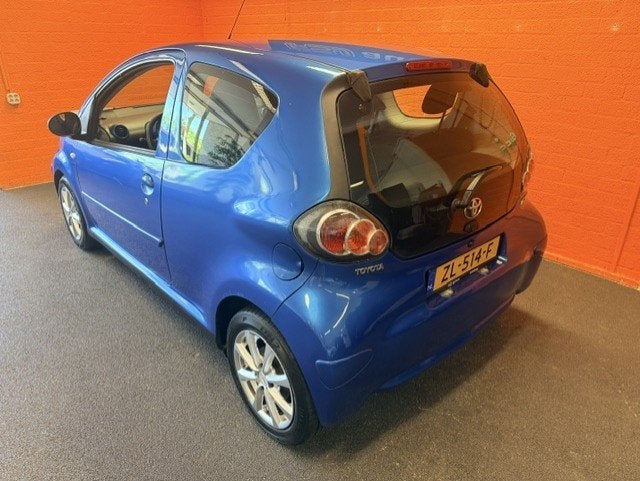 Toyota Aygo 1.0 12V / 3 DEURS / ACCESS-SPORT / AIRCO!, Voorwielaandrijving, Stof, Gebruikt, 68 pk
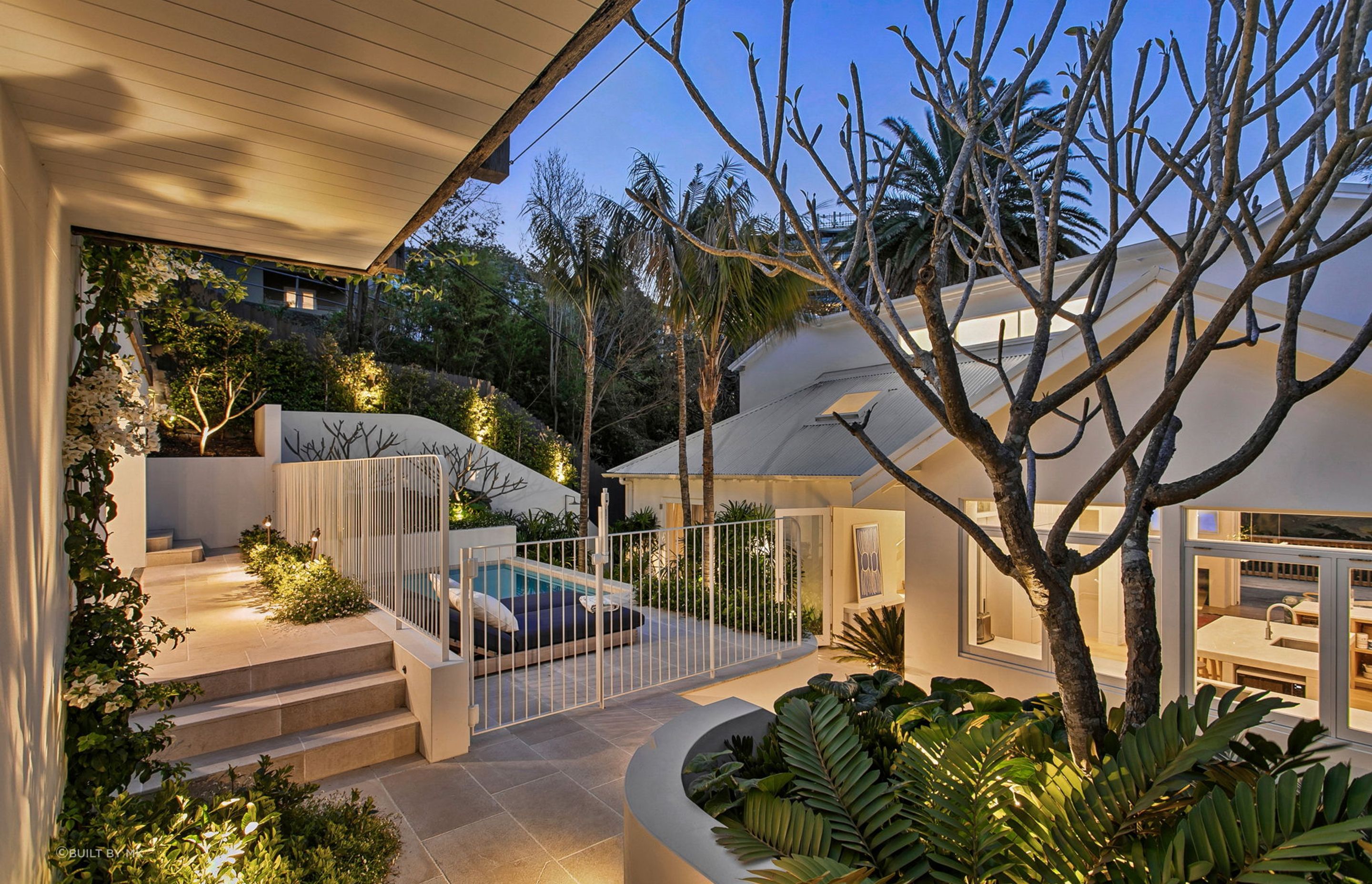 Dusk24-Wolaroi-Cres-Tamarama2.jpg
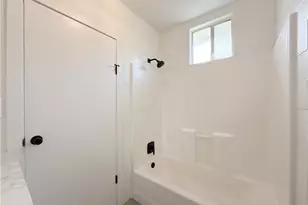 10346 Kalmia St, Los Angeles, CA 90002 - Photo 16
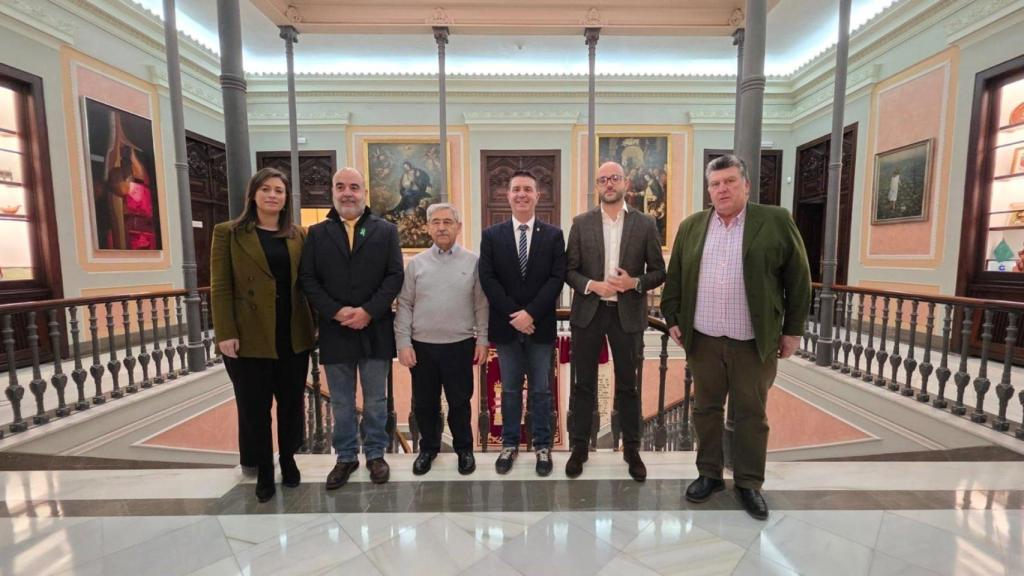 Reunión de representantes institucionales y de la AECC en la Diputación de Ciudad Real.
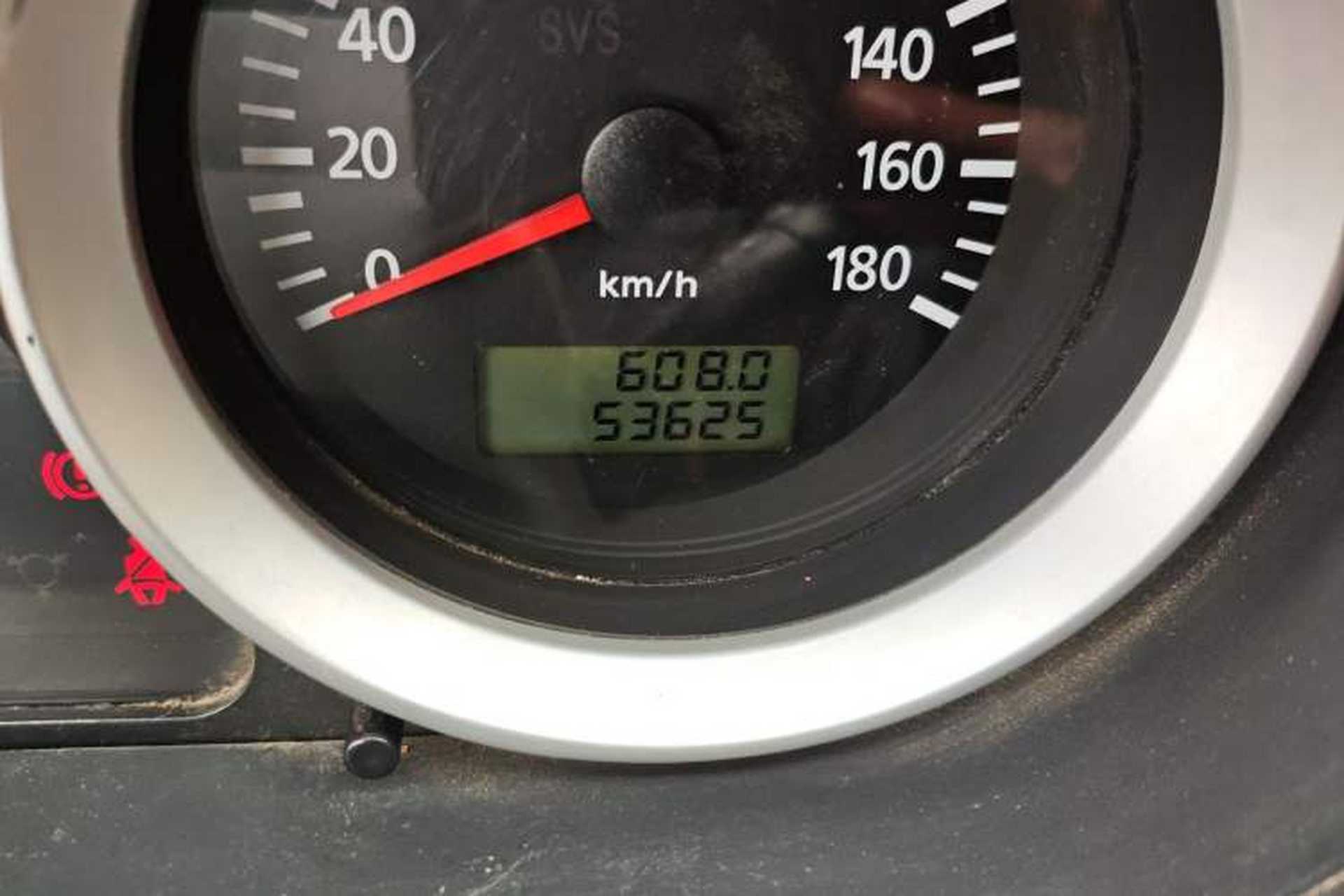 Used Foton MP-X E 2016 2.0L Express Edition 4G63 Odometer Close Up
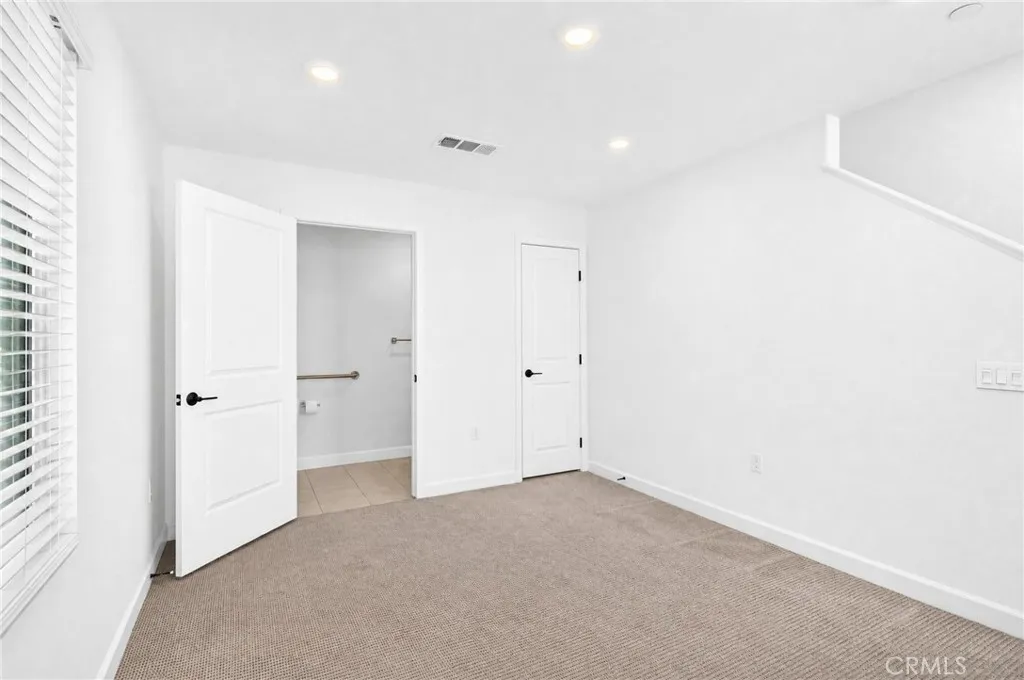 https://cdn.realtyfeed.com/cdn/127/306782625/c5c9ee7fb43b167e10892b8abbb2dd59.webp
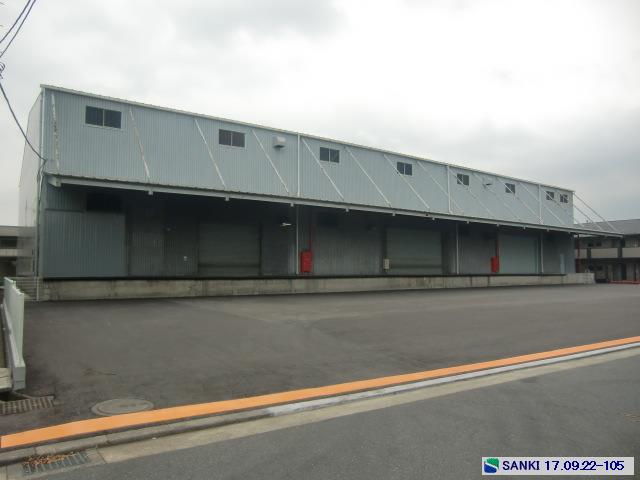 配送センター最適　貨物用EV3t 駐車スペース付 プラットホーム
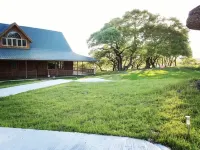 11 acre Hill Country Retreat with a 2000 sq ft deck. Hôtels à proximité de : Dreamland Dripping Springs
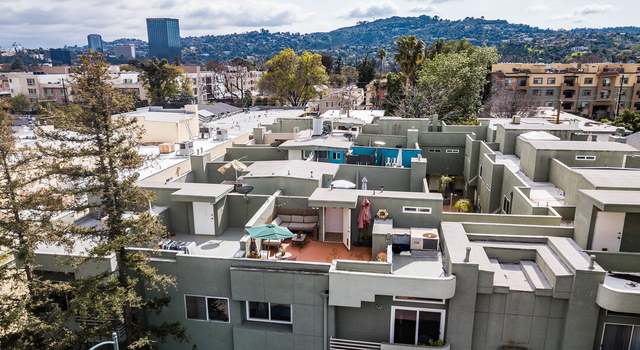Photo of 10926 Moorpark St #2, Toluca Lake, CA 91602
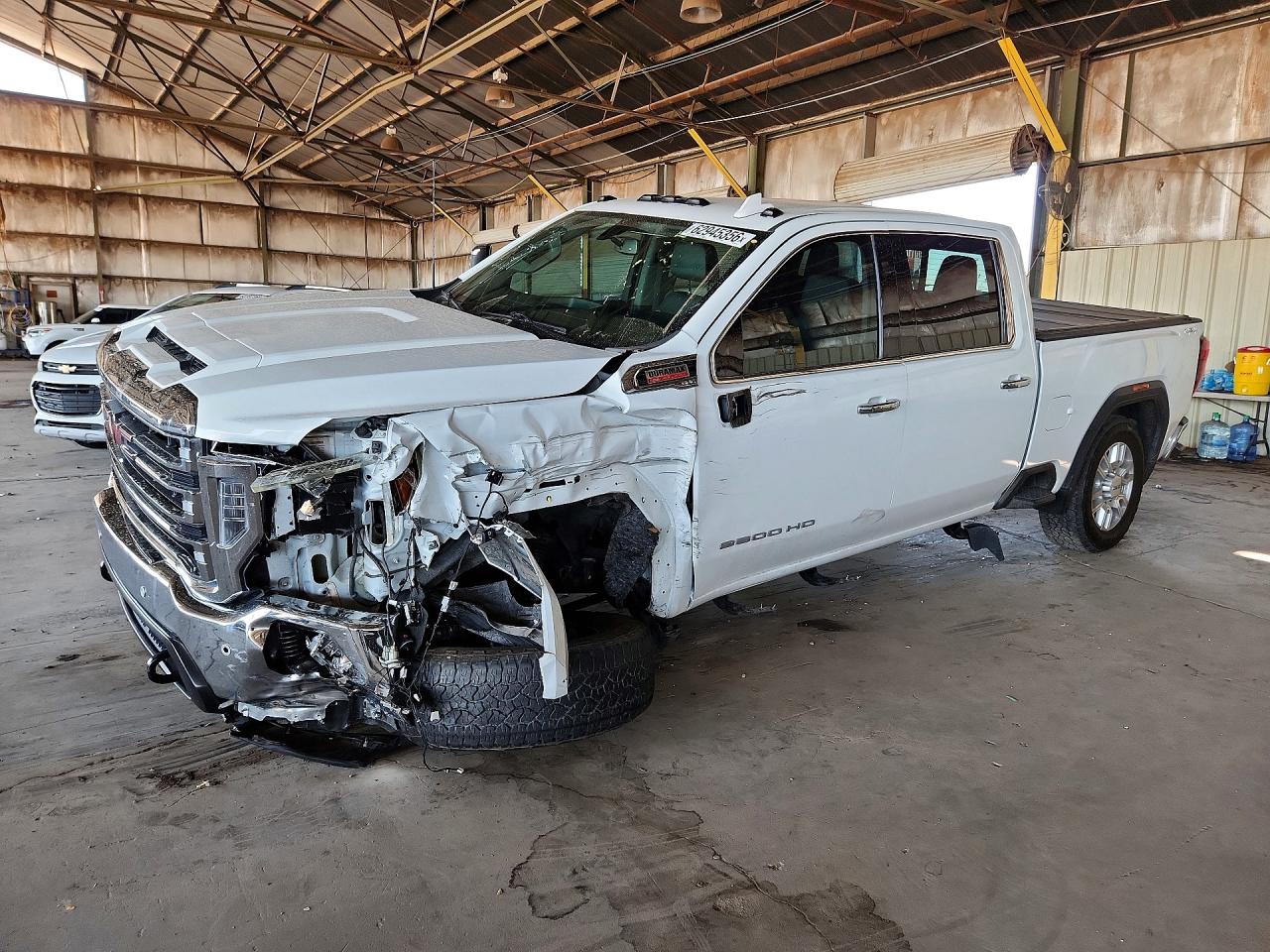 2022 GMC Sierra 2500HD SLT, VIN 1GT49NEY4NF201634 — Front end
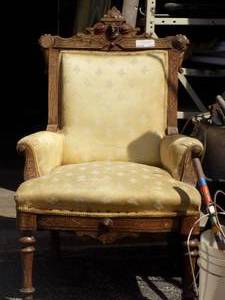 lot 178 image: padded sitting chair yellow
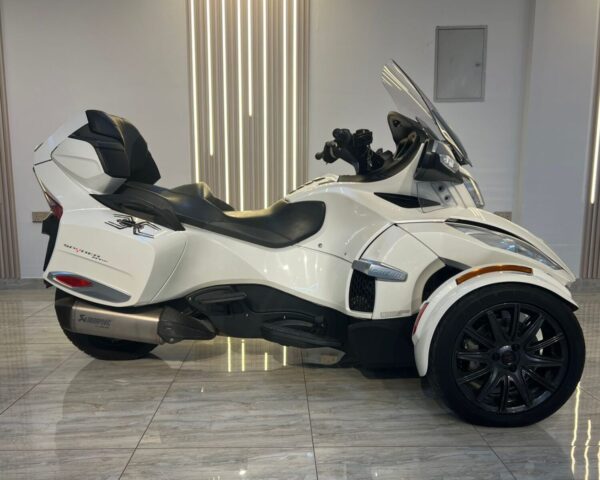 BRP CAM-AM SPYDER RT-S- 2015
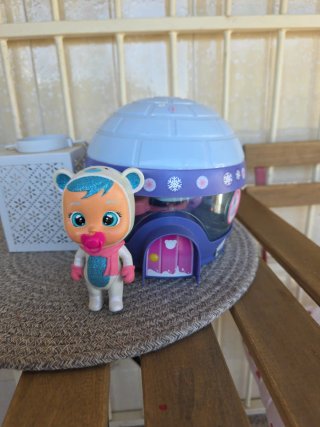 Casa Bebés Llorones Igloo Invierno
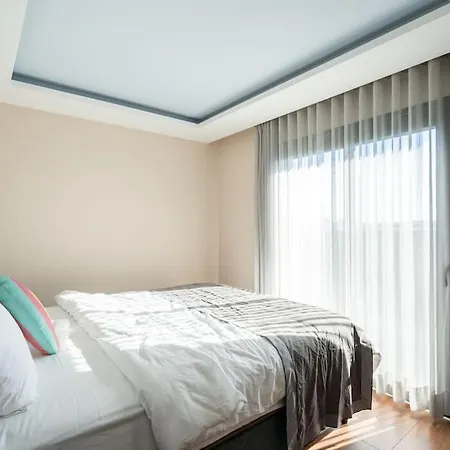 Cesme'de Ozel Havuzlu, Barbeku Alanli Villa-awz111 *
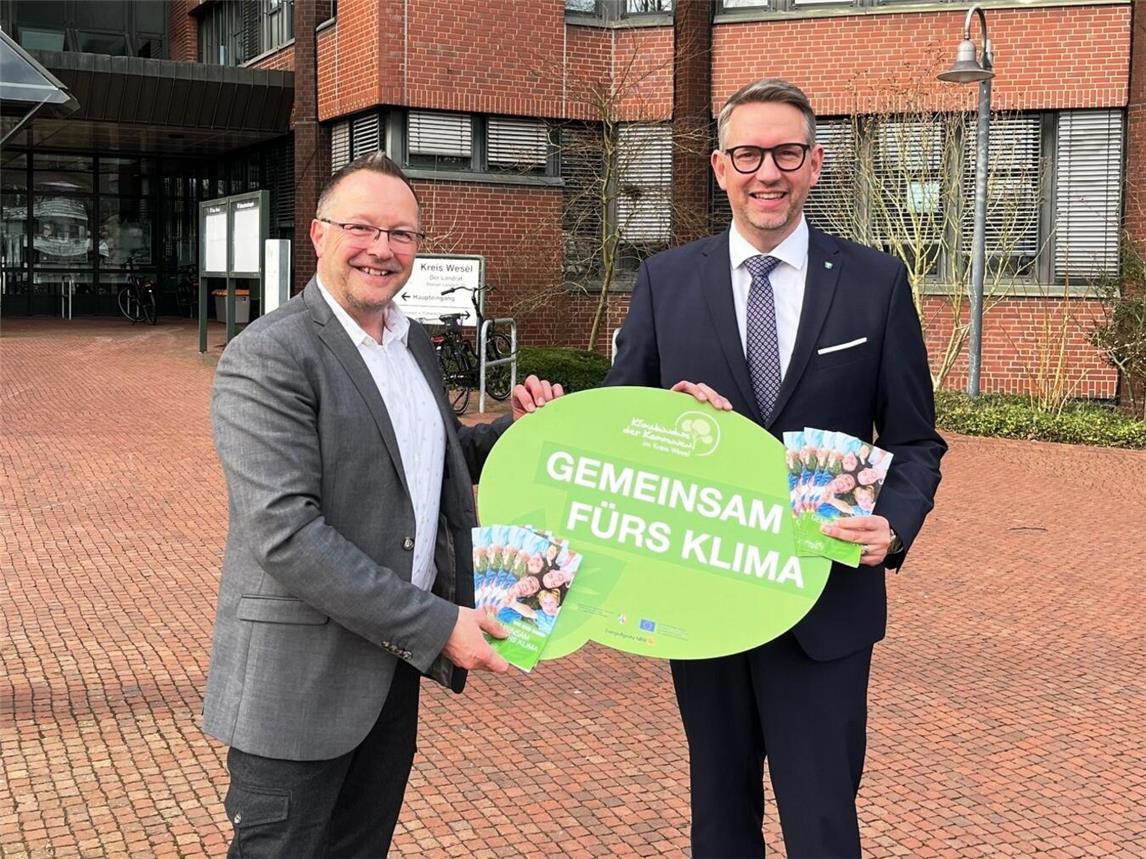Der Bürgermeister der Stadt Xanten Thomas Goertz hat den Vorsitz des Klimabündnisses an Landrat Ingo Brohl übergeben. Foto: Kreis Wesel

> _What you have to do_: When you repeat the data, keep every line exact and drop the images.

> _Task answer_:
 Toyota Aygo 1.0 12V / 3 DEURS / ACCESS-SPORT / AIRCO!, Voorwielaandrijving, Stof, Gebruikt, 68 pk
 Dusk24-Wolaroi-Cres-Tamarama2.jpg
 10346 Kalmia St, Los Angeles, CA 90002 - Photo 16
 Reunión de representantes institucionales y de la AECC en la Diputación de Ciudad Real.
 Used Foton MP-X E 2016 2.0L Express Edition 4G63 Odometer Close Up
 https://cdn.realtyfeed.com/cdn/127/306782625/c5c9ee7fb43b167e10892b8abbb2dd59.webp
 配送センター最適　貨物用EV3t 駐車スペース付 プラットホーム
 11 acre Hill Country Retreat with a 2000 sq ft deck. Hôtels à proximité de : Dreamland Dripping Springs
Photo of 10926 Moorpark St #2, Toluca Lake, CA 91602
 2022 GMC Sierra 2500HD SLT, VIN 1GT49NEY4NF201634 — Front end
 lot 178 image: padded sitting chair yellow
 BRP CAM-AM SPYDER RT-S- 2015
 Casa Bebés Llorones Igloo Invierno
 Cesme'de Ozel Havuzlu, Barbeku Alanli Villa-awz111 *
Der Bürgermeister der Stadt Xanten Thomas Goertz hat den Vorsitz des Klimabündnisses an Landrat Ingo Brohl übergeben. Foto: Kreis Wesel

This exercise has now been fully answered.